The values from the weather observations for 1800 hours at Cape Grim were plotted on a carburettor icing probability chart. The temperature/dewpoint spread was 4.5 degrees C. The plot was located in the area of the chart labelled `serious icing- any power setting'.
Mitigating the effect of carburettor icing involves pilot action to apply full carburettor heat (the ON position), which initially causes a further loss of power (perhaps as much as 15 percent). The air heated by the exhaust is directed into the engine induction system, which results in a richer fuel/air mixture and additional power loss. A delay of 30 seconds up to several minutes may be expected until normal engine power returns. The circular recommended the use of carburettor heat briefly (particularly with float-type carburettors), immediately before takeoff if the relative humidity was above 50 percent and the temperature below 21 degrees C, to remove any ice which may have accumulated during taxi and pre-flight engine checks.

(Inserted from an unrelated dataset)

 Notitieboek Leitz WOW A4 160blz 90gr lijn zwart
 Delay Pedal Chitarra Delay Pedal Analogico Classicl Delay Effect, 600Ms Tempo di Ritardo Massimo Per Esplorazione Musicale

The engine manufacturer recommended that carburettor heat should not be used for takeoff as it was not necessary and it may cause detonation and possible engine damage. The aircraft manufacturer recommended a check of the system before takeoff, and that carburettor heat be placed ON in the event of an engine failure, other than immediately following takeoff. The Operations Manual noted that an unexplained loss in engine speed could be caused by carburettor icing or air intake filter ice and cautioned to watch for signs of icing and apply carburettor heat as required. The section titled `Engine Failure After Take-off (under 700 feet)' did not mention the use of carburettor heat.

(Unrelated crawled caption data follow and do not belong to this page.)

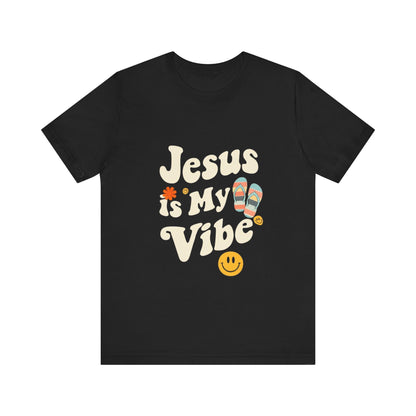 “Jesus Is My Vibe” Religious T-Shirt – Stylish Faith Statement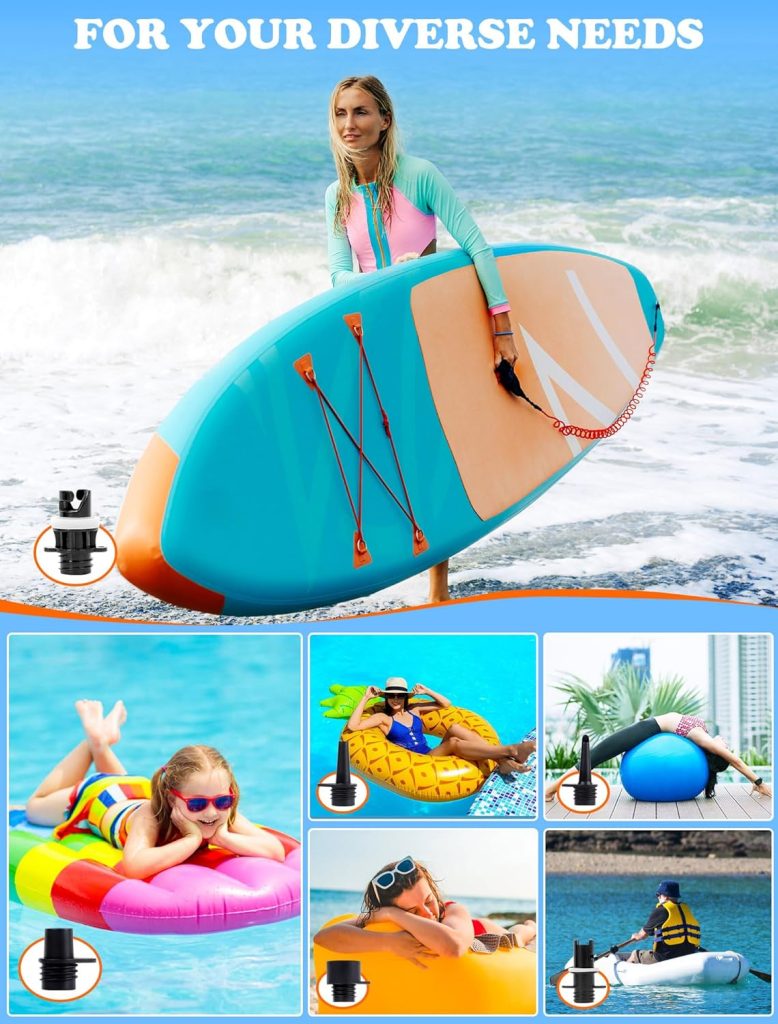 Chamvis Paddle Board Pump, SUP Pump for Paddle Board Electric Air Pump: Inflation/Deflation 12V DC SUP Air Pump with Auto-Off for Inflatable Stand Up Paddle Boards, Kayaks, Boats Chamvis Paddle Board Pump, SUP Pump for Paddle Board Electric Air Pump: Inflation/Deflation 12V DC SUP Air Pump with Auto-Off for Inflatable Stand Up Paddle Boards, Kayaks, Boats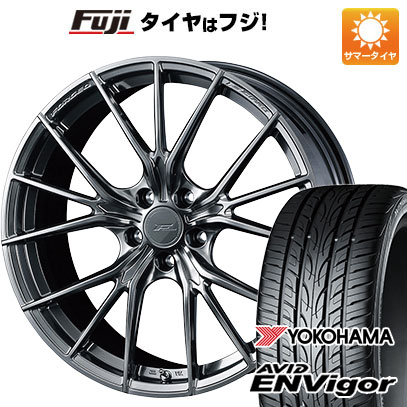 【新品国産5穴114.3車】 夏タイヤ ホイール4本セット 225/45R19 ヨコハマ エイビッド エンビガーS321 ウェッズ F-ZERO FZ-1 19インチ(送料無料)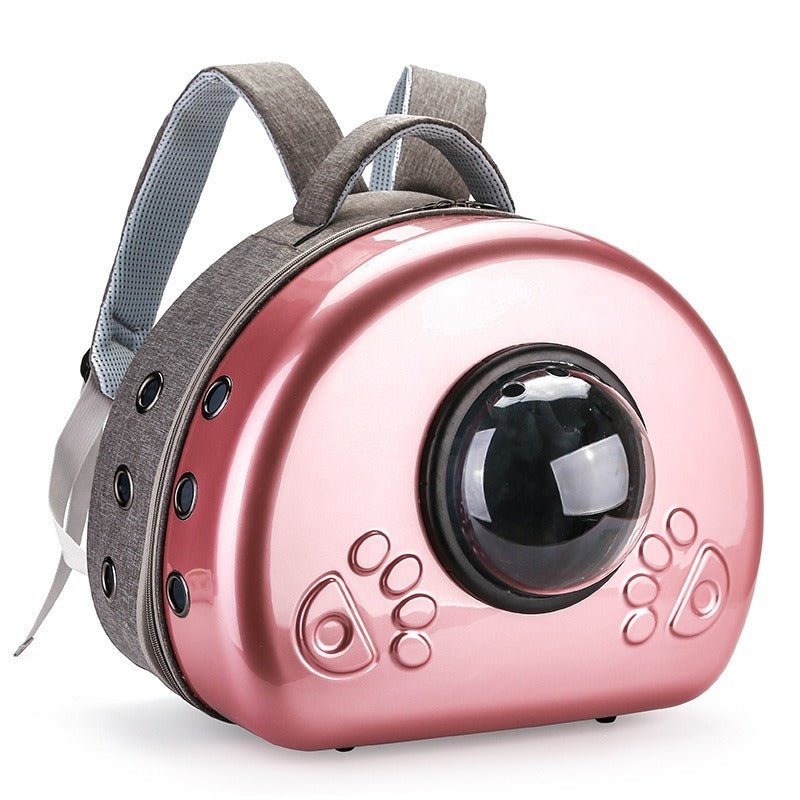Transparent Space Capsule Pet Portable Breathable Cat Diaper Bag | Luxury Home Accessories | Heulog Glow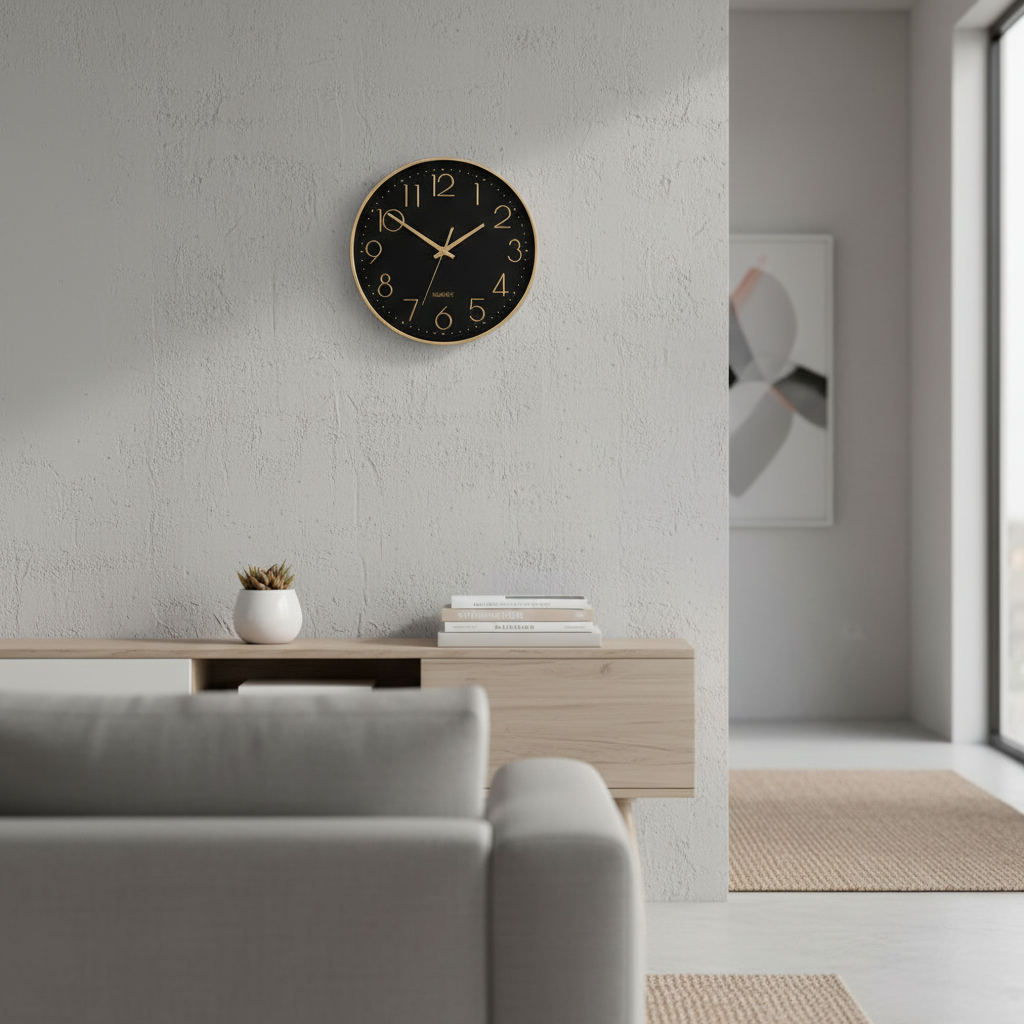 BlushTime | Moderne Wanduhr Roségold 30 cm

One characteristic of the onset of carburettor, or induction system icing, on an engine fitted with a fixed pitch propeller, is the gradual deterioration of the engine RPM. Aircraft engines equipped with constant speed propellers, such as the accident aircraft, compensate for the gradual RPM deterioration by decreasing propeller pitch to maintain a given RPM.
The previous owner of the aircraft reported experiencing an engine power loss (with the 180 horsepower engine fitted), while on approach to land several years earlier. That event was believed to have been due to carburettor icing, as no mechanical anomaly was discovered. The previous owner further reported that the onset of the power loss was immediate, with little time to react.
Optional equipment for the Cessna 172 model aircraft included a Carburettor Ice Detector system. This system utilised an optical probe in the carburettor throat, which is so sensitive that it can detect `frost' up to five minutes before ice begins to form, giving the pilot time to take corrective action. Examination of the carburettor revealed that an optical probe was not fitted.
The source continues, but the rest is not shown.